Читаем без скачивания Ножницы судьбы - Ольга Володарская
Шрифт:
Интервал:
Закладка:
– Алиночка, – прохрипел вдруг мужчина и резко дал по тормозам.
Машина, возмущенно рыкнув, остановилась. Алина дернулась вперед, охнула, больно ударившись коленкой о приборную доску.
– Сдурел? – взвизгнула девушка.
– Да. Сошел с ума. Из-за тебя. – Он рванулся к ней. Сгреб в охапку. Зарылся лицом в ее длинные русые волосы и забормотал что-то неразборчивое.
Алина поморщилась, но не отстранилась. Пусть полобзает ушко, если ему так хочется. Пусть и шейку чмокнет, не жалко.
Но Эдик невинными поцелуями ограничиваться не пожелал. Нервно дрожа, он начал гладить Алинину шею, затем, распахнув куртку, перешел на ключицы, плечи. Лихорадочно, торопливо содрал с нее шарф, расстегнул олимпийку. Увидев под кофтой белый кружевной лифчик, охнул и припал губами к чашечке.

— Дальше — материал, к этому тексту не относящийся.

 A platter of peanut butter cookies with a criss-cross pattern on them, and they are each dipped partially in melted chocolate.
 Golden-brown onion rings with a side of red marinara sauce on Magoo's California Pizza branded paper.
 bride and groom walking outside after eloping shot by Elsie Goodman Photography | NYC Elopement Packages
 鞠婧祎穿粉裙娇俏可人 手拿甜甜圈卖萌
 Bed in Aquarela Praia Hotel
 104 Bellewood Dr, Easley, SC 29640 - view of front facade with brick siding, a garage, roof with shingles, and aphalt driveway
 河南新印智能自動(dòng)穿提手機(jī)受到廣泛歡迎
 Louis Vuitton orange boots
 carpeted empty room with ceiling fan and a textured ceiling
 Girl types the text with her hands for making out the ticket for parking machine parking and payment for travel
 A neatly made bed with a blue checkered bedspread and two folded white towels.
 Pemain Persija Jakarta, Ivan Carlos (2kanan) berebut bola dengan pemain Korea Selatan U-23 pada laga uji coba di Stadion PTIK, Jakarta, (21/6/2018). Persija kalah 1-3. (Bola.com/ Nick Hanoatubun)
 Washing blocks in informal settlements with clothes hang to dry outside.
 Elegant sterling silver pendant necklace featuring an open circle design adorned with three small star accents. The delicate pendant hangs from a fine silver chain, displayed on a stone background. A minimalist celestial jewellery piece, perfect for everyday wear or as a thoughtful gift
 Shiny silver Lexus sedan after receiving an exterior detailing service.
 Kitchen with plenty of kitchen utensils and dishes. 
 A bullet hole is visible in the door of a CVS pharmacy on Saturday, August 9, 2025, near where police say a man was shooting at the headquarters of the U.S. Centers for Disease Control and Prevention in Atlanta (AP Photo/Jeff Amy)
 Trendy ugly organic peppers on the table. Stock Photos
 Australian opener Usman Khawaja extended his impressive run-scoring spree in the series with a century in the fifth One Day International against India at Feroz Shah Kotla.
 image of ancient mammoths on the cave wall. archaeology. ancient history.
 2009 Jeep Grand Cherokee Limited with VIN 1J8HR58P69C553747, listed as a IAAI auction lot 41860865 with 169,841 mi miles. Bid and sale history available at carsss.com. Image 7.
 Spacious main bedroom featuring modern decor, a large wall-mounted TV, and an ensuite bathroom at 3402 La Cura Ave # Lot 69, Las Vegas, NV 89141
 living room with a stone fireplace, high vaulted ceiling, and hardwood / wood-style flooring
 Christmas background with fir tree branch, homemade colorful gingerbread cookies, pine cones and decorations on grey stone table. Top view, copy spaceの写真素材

Алина с вялым любопытством наблюдала за действиями Эдика. Эк его разобрало-то, беднягу, аж трясет всего... Ну да ладно, пусть потешится. Алина поудобнее расположилась в кресле и погладила прыгающий перед глазами лысоватый затылок. Ласка возымела действие – Эдик с новой силой начал мять ее грудь, а через несколько секунд стал сдирать бюстгальтер. Когда застежка поддалась, и лифчик упал Алине на колени, перед Эдиком предстало поистине великолепное зрелище: два безупречных полушария с нацеленными на него сосками вздымались в такт прерывистому дыханию девушки.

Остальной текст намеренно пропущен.